-------- STORED DATA
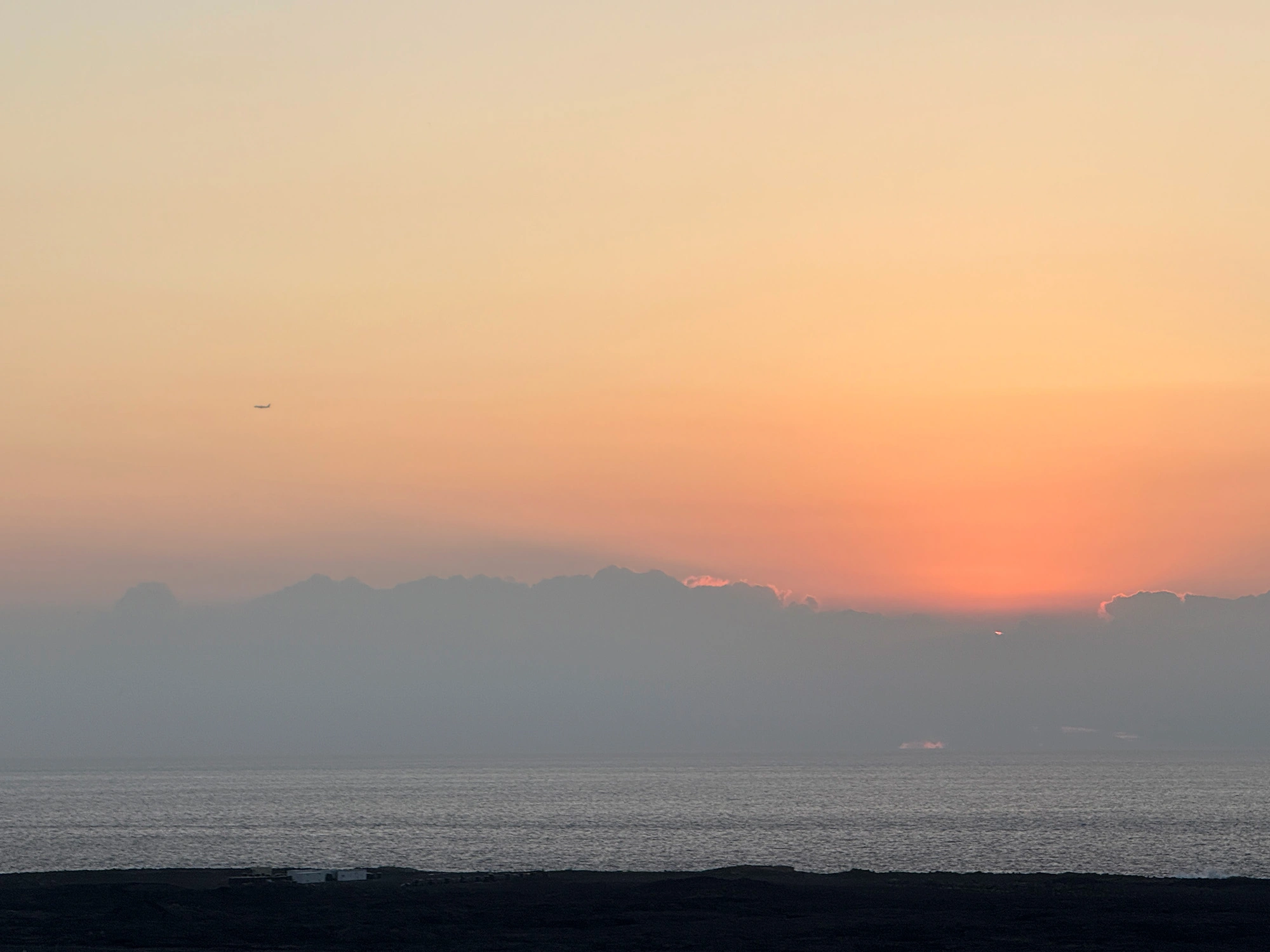 Sunset with a plane in the background.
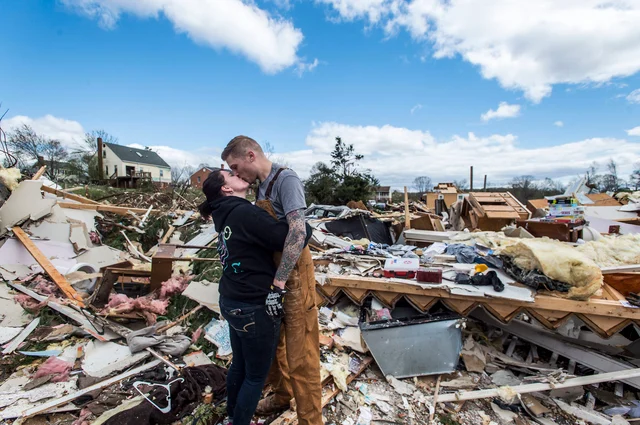 Mia Polaski and her husband Ryan Polaski kiss during a brief moment of respite while clearing debris from her father Randy’s storm damage home, in Elon, Virginia. Virginia’s governor has declared a state of emergency after storms ripped through parts of western Virginia. Mia Polaski and her husband Ryan Polaski kiss during a brief moment of respite while clearing debris from her father Randy’s storm damage home, in Elon, Virginia. Virginia’s governor has declared a state of emergency after storms ripped through parts of western Virginia.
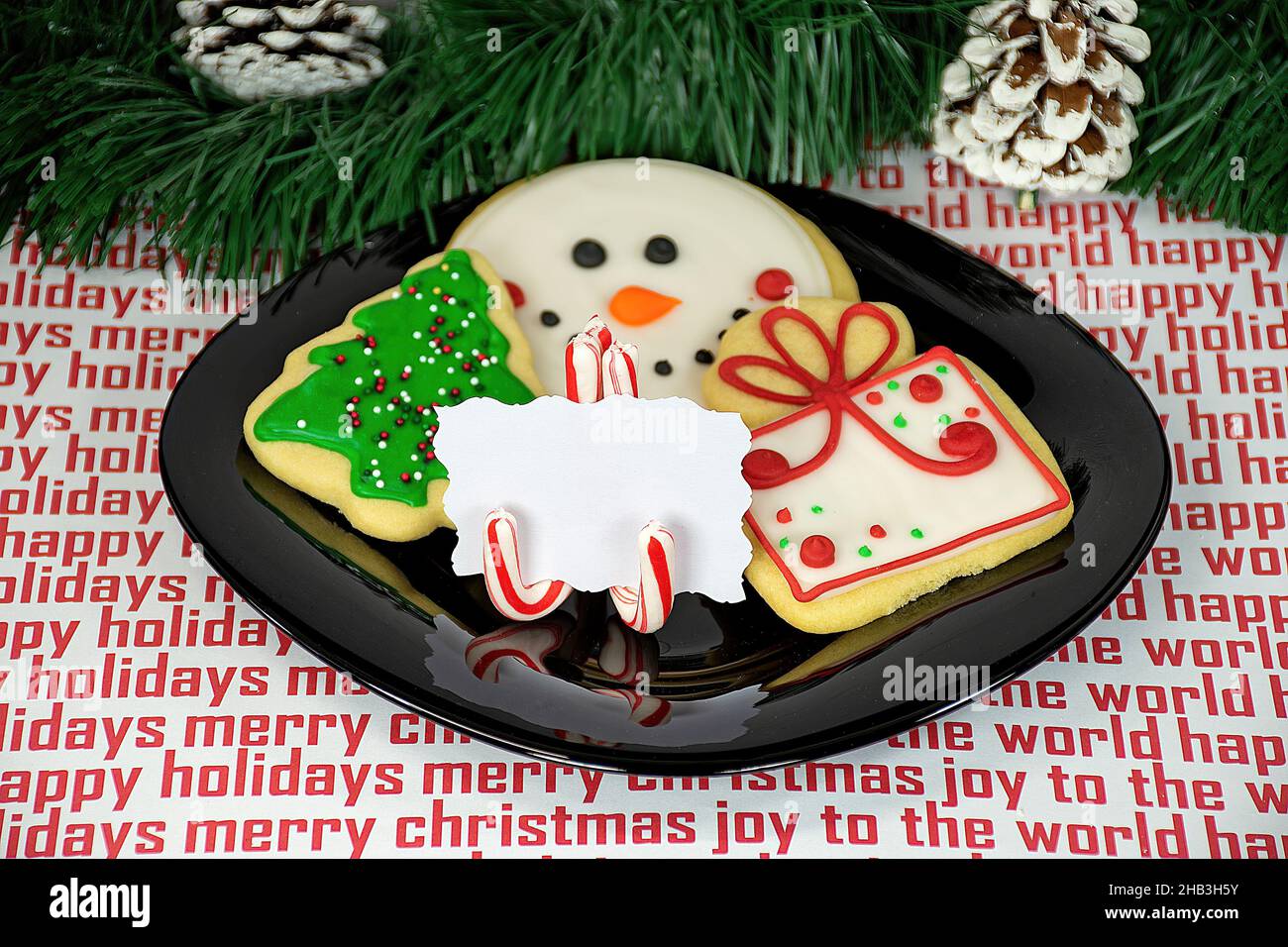 Biscotti di zucchero di Natale con la canna di caramella mettere il porta carte su piatto nero Foto Stock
----------------
● **EXERCISE PROMPT**
Please copy out each line above exactly as written, but not the pictures.

● **YOUR SOLUTION**
 Sunset with a plane in the background.
 Mia Polaski and her husband Ryan Polaski kiss during a brief moment of respite while clearing debris from her father Randy’s storm damage home, in Elon, Virginia. Virginia’s governor has declared a state of emergency after storms ripped through parts of western Virginia. Mia Polaski and her husband Ryan Polaski kiss during a brief moment of respite while clearing debris from her father Randy’s storm damage home, in Elon, Virginia. Virginia’s governor has declared a state of emergency after storms ripped through parts of western Virginia.
 Biscotti di zucchero di Natale con la canna di caramella mettere il porta carte su piatto nero Foto Stock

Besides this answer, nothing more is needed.